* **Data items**
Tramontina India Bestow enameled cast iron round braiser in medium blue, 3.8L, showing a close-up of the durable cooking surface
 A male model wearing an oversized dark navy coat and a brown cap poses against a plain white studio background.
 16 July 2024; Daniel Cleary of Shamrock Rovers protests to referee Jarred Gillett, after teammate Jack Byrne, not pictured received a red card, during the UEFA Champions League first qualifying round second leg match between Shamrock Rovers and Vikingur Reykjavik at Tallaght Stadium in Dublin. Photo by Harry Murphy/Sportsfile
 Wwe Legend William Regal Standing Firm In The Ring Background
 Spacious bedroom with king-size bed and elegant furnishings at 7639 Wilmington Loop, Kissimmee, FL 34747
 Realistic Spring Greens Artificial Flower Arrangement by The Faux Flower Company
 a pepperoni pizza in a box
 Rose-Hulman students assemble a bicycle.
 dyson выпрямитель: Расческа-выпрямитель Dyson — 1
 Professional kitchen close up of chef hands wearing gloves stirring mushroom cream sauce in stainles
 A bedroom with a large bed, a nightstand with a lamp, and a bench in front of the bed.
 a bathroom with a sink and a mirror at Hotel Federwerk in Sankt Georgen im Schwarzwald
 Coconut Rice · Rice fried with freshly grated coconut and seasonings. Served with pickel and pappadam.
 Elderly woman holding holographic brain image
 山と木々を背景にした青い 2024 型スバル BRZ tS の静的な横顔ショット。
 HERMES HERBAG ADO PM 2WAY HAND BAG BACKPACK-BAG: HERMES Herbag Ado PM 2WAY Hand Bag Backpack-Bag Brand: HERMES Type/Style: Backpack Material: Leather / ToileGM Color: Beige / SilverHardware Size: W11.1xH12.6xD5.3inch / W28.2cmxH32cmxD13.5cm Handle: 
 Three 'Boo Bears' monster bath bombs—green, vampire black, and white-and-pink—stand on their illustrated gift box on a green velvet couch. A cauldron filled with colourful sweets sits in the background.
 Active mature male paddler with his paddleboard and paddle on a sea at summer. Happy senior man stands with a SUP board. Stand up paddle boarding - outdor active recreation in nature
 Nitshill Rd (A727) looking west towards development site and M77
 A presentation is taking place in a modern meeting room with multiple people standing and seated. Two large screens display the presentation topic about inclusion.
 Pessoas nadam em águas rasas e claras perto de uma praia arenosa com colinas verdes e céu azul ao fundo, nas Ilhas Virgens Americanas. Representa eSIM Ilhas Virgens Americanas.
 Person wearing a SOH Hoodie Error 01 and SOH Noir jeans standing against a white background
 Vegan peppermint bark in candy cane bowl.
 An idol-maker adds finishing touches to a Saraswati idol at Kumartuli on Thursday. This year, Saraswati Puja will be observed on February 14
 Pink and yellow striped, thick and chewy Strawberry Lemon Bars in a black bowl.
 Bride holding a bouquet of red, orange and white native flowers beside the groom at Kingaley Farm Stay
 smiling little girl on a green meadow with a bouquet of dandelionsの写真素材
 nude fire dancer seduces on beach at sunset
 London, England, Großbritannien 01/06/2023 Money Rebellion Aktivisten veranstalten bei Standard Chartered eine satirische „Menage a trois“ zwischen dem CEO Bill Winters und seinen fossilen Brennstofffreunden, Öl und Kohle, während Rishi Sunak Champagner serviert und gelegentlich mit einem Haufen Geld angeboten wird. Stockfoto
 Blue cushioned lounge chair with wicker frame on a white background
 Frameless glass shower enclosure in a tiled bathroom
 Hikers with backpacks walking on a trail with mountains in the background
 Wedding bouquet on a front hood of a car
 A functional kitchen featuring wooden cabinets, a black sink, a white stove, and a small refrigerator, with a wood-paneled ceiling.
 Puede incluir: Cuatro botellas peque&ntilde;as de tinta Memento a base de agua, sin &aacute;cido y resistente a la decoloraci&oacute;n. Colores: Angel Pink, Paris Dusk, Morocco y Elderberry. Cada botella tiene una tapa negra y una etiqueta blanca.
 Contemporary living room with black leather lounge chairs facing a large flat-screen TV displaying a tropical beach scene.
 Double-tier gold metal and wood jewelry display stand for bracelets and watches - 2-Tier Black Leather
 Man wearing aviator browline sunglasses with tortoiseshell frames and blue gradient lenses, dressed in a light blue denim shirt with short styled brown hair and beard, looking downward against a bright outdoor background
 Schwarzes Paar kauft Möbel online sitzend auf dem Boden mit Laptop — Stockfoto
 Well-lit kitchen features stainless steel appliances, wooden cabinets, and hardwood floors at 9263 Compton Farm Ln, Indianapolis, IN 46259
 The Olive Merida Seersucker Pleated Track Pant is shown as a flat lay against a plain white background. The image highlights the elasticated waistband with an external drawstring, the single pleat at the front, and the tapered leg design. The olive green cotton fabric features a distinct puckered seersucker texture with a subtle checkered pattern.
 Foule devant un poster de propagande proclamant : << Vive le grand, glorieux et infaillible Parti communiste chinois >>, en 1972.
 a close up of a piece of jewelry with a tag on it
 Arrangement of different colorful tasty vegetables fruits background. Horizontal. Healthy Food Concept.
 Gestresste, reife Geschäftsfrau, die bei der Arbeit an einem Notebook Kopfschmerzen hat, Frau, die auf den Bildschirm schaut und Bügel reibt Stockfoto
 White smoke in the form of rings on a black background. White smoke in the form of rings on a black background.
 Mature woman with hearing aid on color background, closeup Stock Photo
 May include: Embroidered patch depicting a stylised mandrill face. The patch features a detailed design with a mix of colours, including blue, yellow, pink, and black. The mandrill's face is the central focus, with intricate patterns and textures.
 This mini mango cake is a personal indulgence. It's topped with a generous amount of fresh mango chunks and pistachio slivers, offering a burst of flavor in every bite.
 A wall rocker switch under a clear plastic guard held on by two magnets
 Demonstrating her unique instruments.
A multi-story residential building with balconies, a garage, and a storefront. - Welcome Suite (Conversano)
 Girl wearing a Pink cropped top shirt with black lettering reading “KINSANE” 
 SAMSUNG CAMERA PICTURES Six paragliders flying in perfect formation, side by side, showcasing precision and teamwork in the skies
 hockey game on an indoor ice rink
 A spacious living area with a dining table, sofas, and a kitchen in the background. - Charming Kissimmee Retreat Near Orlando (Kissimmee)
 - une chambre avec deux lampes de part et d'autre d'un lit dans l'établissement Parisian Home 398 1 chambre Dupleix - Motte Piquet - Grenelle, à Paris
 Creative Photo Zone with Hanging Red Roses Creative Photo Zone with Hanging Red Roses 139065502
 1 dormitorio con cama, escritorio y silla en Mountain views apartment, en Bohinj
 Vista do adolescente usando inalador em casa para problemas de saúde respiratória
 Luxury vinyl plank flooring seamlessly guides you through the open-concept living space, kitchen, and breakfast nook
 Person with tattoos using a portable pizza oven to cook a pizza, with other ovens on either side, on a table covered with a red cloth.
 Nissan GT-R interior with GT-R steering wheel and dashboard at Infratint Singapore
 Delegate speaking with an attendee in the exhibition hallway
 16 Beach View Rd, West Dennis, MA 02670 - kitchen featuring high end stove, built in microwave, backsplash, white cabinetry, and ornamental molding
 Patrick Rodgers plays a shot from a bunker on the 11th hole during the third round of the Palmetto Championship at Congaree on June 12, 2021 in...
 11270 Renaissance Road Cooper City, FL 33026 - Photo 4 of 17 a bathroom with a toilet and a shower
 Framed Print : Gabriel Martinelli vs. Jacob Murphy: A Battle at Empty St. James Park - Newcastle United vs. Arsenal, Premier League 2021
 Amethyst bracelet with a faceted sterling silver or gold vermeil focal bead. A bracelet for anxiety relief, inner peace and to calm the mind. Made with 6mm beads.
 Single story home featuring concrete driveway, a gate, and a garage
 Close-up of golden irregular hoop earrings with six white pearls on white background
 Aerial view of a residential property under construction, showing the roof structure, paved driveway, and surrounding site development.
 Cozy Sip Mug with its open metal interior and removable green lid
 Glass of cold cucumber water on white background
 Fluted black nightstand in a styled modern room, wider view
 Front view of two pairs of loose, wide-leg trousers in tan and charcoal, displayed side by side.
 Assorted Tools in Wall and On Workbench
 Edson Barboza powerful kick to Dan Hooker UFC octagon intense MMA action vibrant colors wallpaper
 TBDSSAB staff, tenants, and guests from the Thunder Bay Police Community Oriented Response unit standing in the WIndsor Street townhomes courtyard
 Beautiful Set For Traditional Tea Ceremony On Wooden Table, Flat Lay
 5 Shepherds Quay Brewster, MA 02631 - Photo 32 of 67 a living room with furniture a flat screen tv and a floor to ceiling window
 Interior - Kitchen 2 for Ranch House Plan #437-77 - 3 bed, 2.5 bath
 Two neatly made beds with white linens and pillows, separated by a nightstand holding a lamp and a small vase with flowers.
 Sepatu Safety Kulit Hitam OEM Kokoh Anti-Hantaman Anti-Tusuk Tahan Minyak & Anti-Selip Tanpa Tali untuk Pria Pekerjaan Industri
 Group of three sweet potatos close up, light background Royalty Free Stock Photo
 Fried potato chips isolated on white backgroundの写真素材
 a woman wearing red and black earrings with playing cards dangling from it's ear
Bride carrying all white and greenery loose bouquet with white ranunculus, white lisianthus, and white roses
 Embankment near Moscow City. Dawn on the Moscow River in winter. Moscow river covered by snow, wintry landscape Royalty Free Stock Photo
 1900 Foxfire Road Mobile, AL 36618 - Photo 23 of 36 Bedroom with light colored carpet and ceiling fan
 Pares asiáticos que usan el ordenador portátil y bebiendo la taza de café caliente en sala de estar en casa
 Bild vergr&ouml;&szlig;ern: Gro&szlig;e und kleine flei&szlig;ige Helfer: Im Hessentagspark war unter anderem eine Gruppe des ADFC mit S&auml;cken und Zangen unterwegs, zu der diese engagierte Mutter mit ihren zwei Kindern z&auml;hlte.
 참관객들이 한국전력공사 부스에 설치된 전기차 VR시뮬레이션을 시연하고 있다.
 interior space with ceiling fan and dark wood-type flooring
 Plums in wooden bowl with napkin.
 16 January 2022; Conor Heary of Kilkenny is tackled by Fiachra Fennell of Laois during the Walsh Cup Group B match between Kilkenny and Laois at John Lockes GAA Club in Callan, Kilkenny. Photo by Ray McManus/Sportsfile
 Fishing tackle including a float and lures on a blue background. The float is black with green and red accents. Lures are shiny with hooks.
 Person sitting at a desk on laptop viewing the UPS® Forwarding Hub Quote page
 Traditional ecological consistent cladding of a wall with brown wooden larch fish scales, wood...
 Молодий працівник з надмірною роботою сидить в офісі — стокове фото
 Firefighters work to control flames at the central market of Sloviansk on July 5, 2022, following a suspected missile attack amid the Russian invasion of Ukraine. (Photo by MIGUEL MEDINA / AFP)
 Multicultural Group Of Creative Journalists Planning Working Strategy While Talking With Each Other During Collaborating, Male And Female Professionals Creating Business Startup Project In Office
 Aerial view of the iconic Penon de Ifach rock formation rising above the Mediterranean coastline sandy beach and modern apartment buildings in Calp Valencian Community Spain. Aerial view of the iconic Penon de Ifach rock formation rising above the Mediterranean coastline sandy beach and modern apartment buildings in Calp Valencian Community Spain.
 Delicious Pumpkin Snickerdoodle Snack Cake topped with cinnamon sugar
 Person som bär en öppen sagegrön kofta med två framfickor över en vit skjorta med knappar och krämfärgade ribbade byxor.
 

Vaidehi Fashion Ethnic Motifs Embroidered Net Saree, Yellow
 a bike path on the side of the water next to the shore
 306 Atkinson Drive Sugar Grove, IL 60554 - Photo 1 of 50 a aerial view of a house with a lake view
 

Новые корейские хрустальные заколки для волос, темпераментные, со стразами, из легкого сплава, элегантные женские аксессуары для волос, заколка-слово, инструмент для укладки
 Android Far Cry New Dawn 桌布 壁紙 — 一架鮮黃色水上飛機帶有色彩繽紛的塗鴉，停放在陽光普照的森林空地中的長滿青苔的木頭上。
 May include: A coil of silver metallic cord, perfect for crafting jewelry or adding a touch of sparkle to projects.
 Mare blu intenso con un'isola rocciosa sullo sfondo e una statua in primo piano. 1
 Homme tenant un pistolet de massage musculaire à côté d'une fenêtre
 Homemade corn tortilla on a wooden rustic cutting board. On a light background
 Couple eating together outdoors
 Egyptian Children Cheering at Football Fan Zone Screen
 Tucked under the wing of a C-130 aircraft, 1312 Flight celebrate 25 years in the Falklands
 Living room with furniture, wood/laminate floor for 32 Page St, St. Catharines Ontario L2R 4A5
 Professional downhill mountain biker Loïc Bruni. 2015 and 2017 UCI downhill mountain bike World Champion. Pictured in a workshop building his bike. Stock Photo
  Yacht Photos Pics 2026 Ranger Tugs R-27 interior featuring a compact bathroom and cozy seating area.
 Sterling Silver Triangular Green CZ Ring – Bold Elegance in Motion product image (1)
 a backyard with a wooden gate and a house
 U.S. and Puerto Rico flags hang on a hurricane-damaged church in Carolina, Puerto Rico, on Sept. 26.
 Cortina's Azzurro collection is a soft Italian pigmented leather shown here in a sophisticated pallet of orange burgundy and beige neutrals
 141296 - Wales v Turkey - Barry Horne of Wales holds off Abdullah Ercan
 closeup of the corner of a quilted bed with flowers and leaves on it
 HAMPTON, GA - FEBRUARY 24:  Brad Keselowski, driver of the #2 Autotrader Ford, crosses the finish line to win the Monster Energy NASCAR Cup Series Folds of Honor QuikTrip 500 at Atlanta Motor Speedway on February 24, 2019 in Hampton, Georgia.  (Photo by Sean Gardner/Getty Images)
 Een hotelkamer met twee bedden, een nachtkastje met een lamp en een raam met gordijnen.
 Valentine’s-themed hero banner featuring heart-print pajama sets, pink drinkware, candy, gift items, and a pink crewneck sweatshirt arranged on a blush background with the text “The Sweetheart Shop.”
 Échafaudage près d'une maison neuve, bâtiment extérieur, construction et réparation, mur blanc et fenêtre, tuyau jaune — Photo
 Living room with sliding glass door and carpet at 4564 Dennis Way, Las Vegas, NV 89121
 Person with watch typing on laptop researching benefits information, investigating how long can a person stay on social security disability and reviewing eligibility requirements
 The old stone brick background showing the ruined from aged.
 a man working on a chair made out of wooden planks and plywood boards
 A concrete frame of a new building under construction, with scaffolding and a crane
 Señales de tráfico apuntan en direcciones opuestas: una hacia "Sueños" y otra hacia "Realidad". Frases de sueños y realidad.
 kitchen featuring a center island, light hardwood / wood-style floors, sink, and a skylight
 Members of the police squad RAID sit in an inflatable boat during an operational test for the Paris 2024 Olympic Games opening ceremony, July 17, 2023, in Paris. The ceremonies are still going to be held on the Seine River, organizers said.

* **Problem**
Report all lines above with "flowers".

* **Answer space**
 Bride holding a bouquet of red, orange and white native flowers beside the groom at Kingaley Farm Stay
 Two neatly made beds with white linens and pillows, separated by a nightstand holding a lamp and a small vase with flowers.
 closeup of the corner of a quilted bed with flowers and leaves on it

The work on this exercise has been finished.